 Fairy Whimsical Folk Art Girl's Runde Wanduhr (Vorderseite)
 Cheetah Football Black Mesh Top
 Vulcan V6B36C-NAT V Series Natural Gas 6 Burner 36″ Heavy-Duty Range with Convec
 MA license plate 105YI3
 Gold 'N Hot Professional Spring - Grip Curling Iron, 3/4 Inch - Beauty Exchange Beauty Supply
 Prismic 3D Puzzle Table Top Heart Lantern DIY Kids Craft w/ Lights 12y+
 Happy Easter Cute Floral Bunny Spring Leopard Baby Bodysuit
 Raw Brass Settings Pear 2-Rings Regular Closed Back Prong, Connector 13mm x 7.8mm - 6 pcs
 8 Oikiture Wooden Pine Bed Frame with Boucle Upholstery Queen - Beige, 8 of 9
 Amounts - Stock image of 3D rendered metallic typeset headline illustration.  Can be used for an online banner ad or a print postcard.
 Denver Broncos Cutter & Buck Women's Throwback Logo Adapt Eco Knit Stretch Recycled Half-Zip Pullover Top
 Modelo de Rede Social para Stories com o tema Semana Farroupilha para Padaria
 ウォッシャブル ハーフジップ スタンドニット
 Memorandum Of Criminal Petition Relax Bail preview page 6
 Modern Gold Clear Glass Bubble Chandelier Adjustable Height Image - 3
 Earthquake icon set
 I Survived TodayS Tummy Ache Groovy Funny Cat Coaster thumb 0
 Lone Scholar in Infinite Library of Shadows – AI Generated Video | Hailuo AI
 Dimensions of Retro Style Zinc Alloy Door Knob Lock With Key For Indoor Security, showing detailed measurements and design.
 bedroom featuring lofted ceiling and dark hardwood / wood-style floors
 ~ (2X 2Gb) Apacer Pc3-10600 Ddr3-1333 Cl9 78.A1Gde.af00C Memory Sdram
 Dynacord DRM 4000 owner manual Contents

**Exercise aim:** Please copy out every line of the preceding listing that carries "Spring".

**Exercise solution:**
 Gold 'N Hot Professional Spring - Grip Curling Iron, 3/4 Inch - Beauty Exchange Beauty Supply
 Happy Easter Cute Floral Bunny Spring Leopard Baby Bodysuit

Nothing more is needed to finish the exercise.